Activity:
Would you restate, word for word, only the lines starting at the one with "Zyrtec Kids Oral" and ending with the final line of the entries below? Pictures stay out.

▬▬▬▬▬▬▬▬▬▬

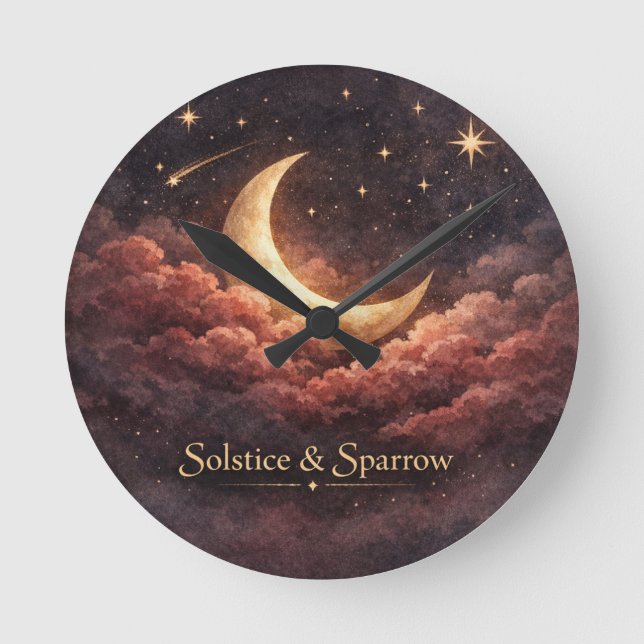 Midnight Reverie Celestial Moon Clock (Front)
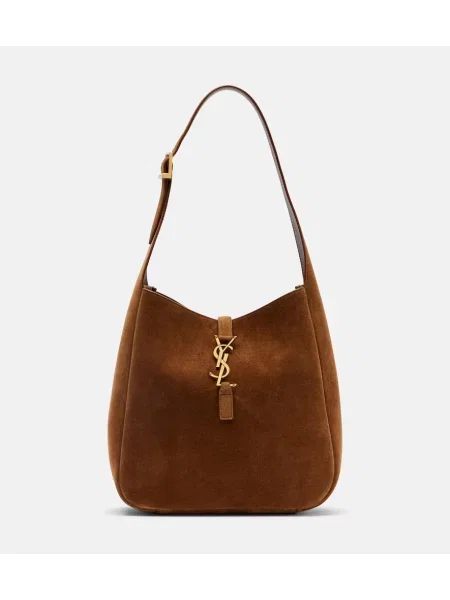 Geantă Saint Laurent din piele de căprioară mini bej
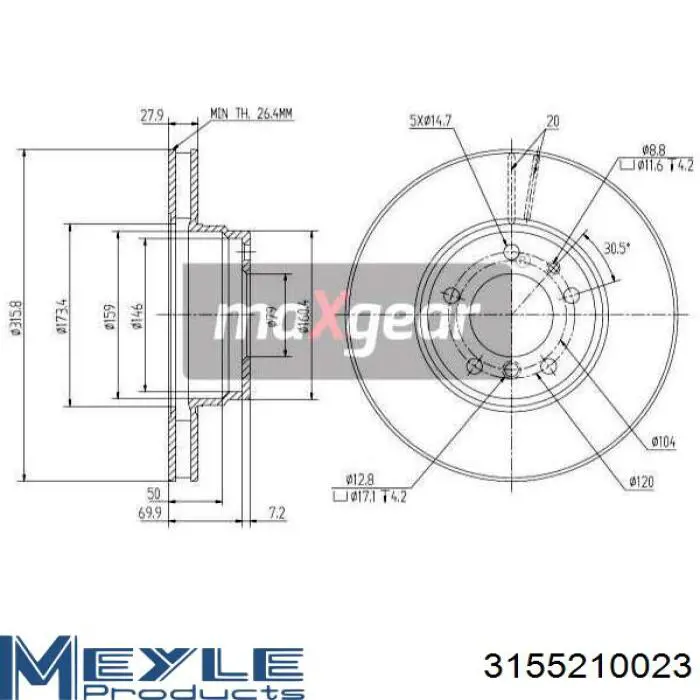 Передние тормозные диски B2411V LPR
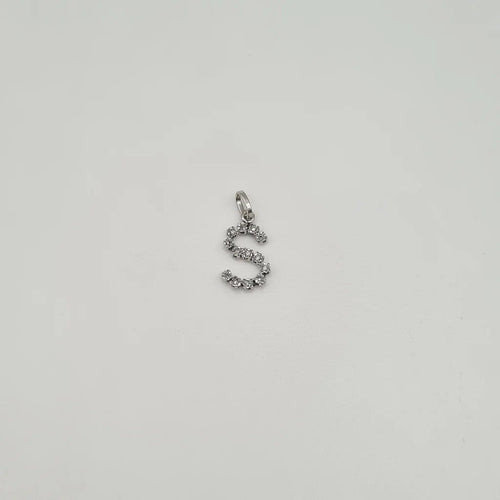 Pendentif Pendentif S en or blanc et diamants 58 Facettes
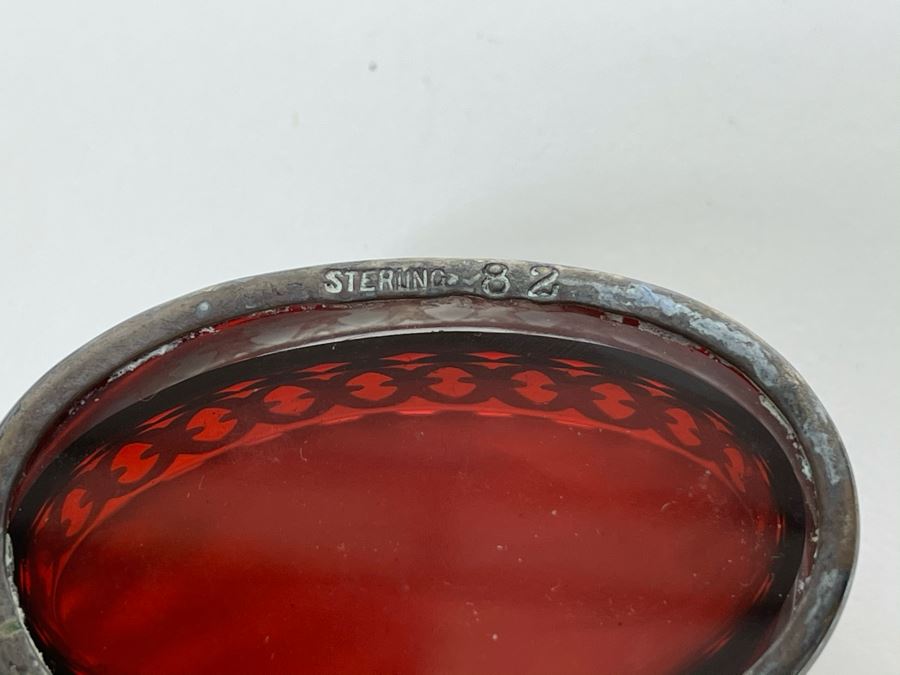 Pair Of Vintage Ruby Glass Sterling Silver Salt Cellars [Photo 5]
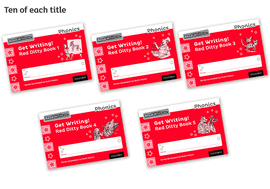 READ WRITE INC. PHONICS: GET WRITING!: RED DITTY BOOKS 1-5 PACK OF 50 NEW EDITIO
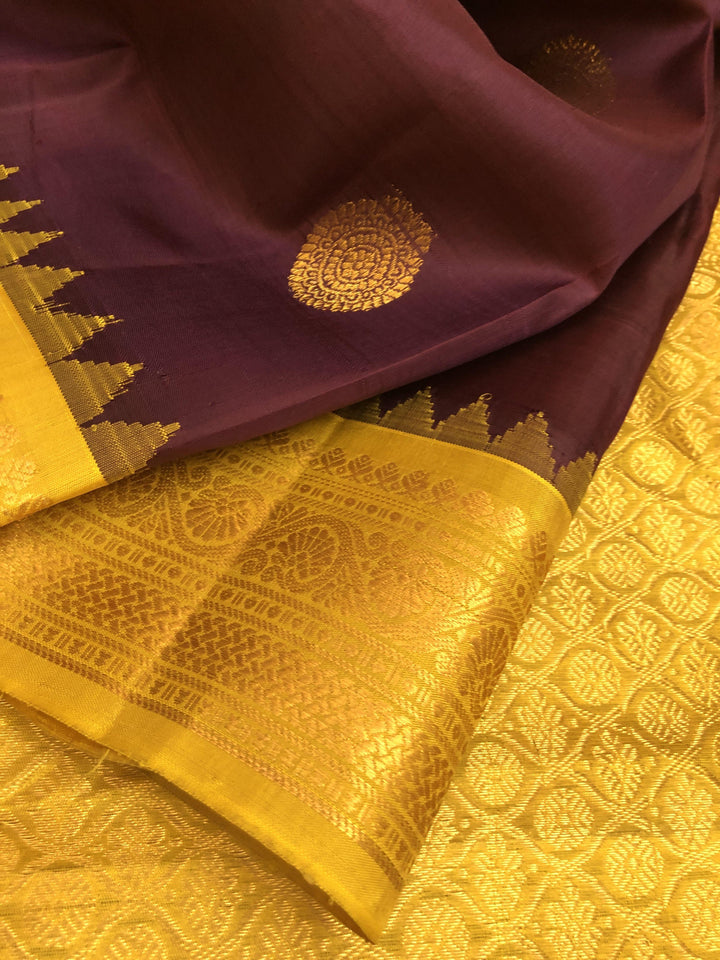 Beetroot and Mustard Golden Color Pure Gadwal Silk Saree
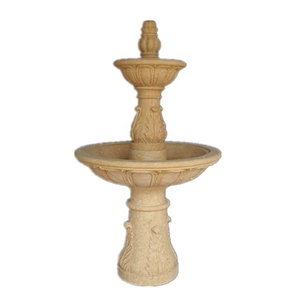 Gran oferta de fábrica, Fuente de Piedra de mármol, fuente de agua de mármol amarillo, suministro directo de grandes fuentes de mármol, <span class=keywords><strong>cascada</strong></span> al aire libre - Product Image 5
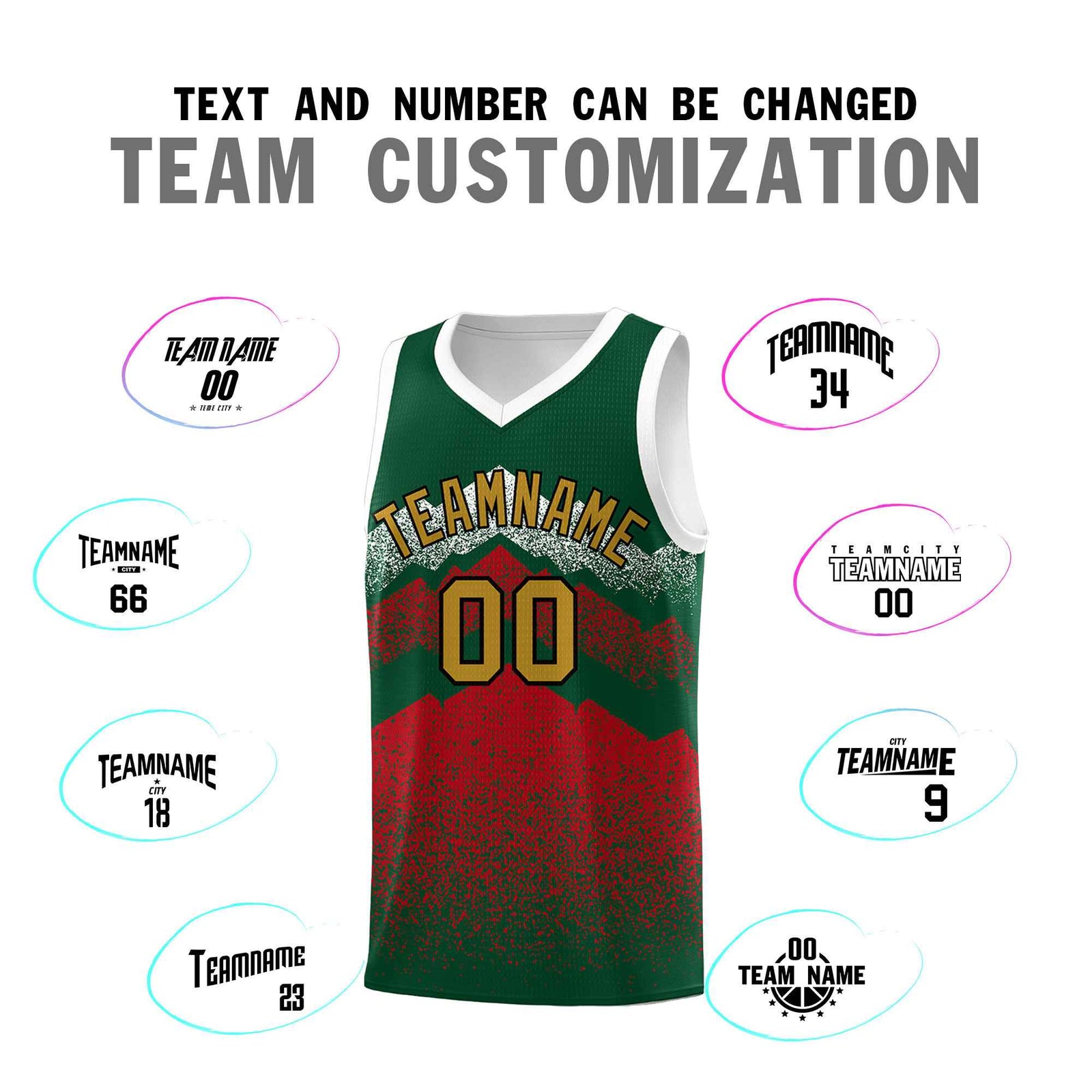 Personalized Youth Basketball Jerseys Green Red Gradient Mountain Design Uniforms
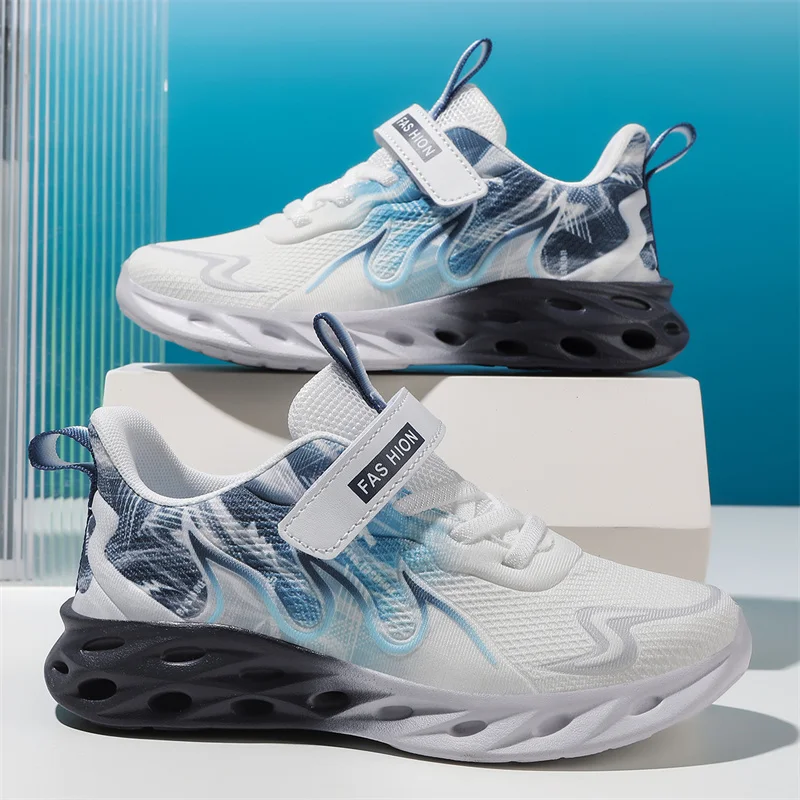 

Детские кроссовки с градиентным огненным узором, легкие модные спортивные кроссовки с сетчатой подошвой и амортизацией для мальчиков и девочек, повседневные кроссовки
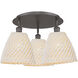 Ballston Bristol Natural 3 Light 20.75 inch Oil Rubbed Bronze Flush Mount Ceiling Light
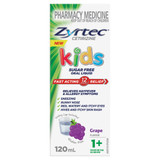 Zyrtec Kids Oral Liquid Sugar Free Cetirizine Antihistamine Allergy Relief Grape Flavour 120mL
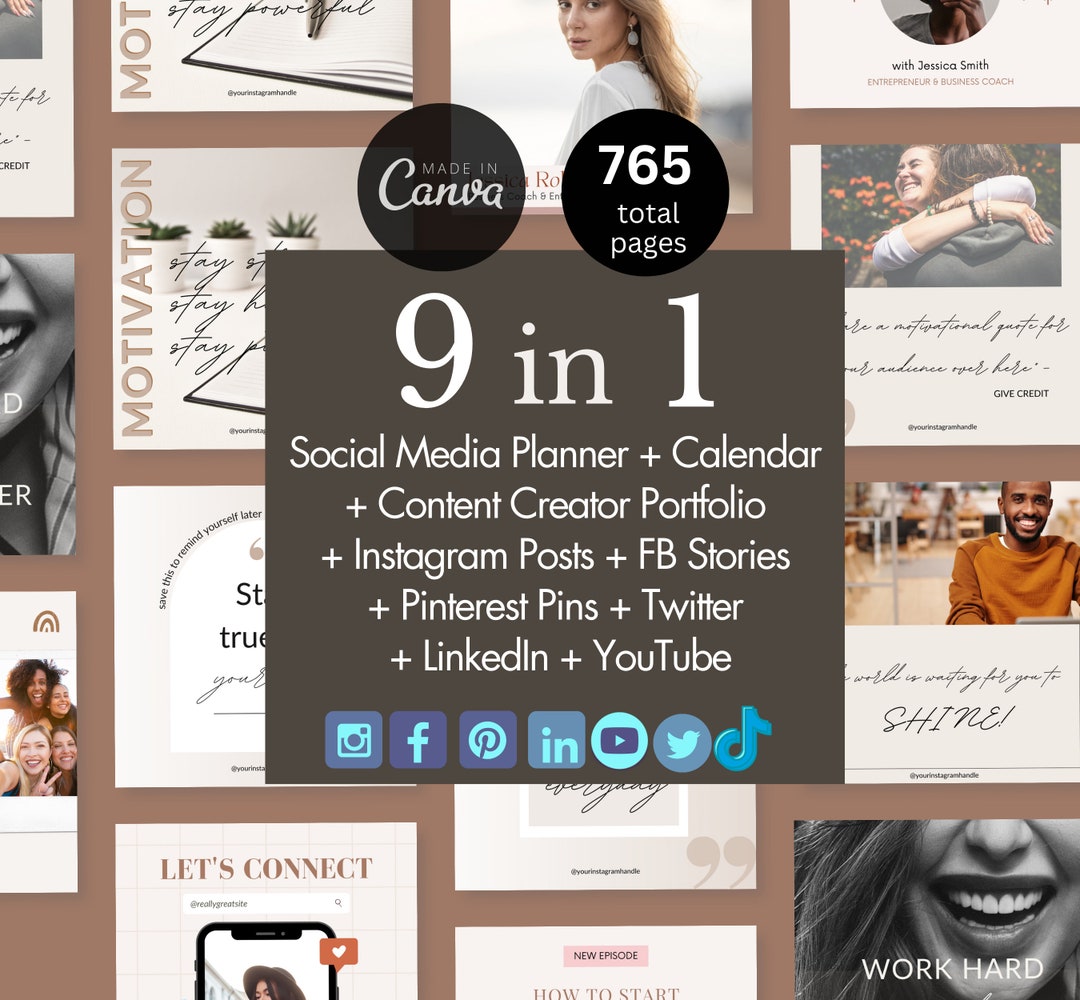 Social Media Content Planner Template Canva Template Instagram Post ...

▬▬▬▬▬▬▬▬▬▬

Result for this exercise:
 Zyrtec Kids Oral Liquid Sugar Free Cetirizine Antihistamine Allergy Relief Grape Flavour 120mL
 Social Media Content Planner Template Canva Template Instagram Post ...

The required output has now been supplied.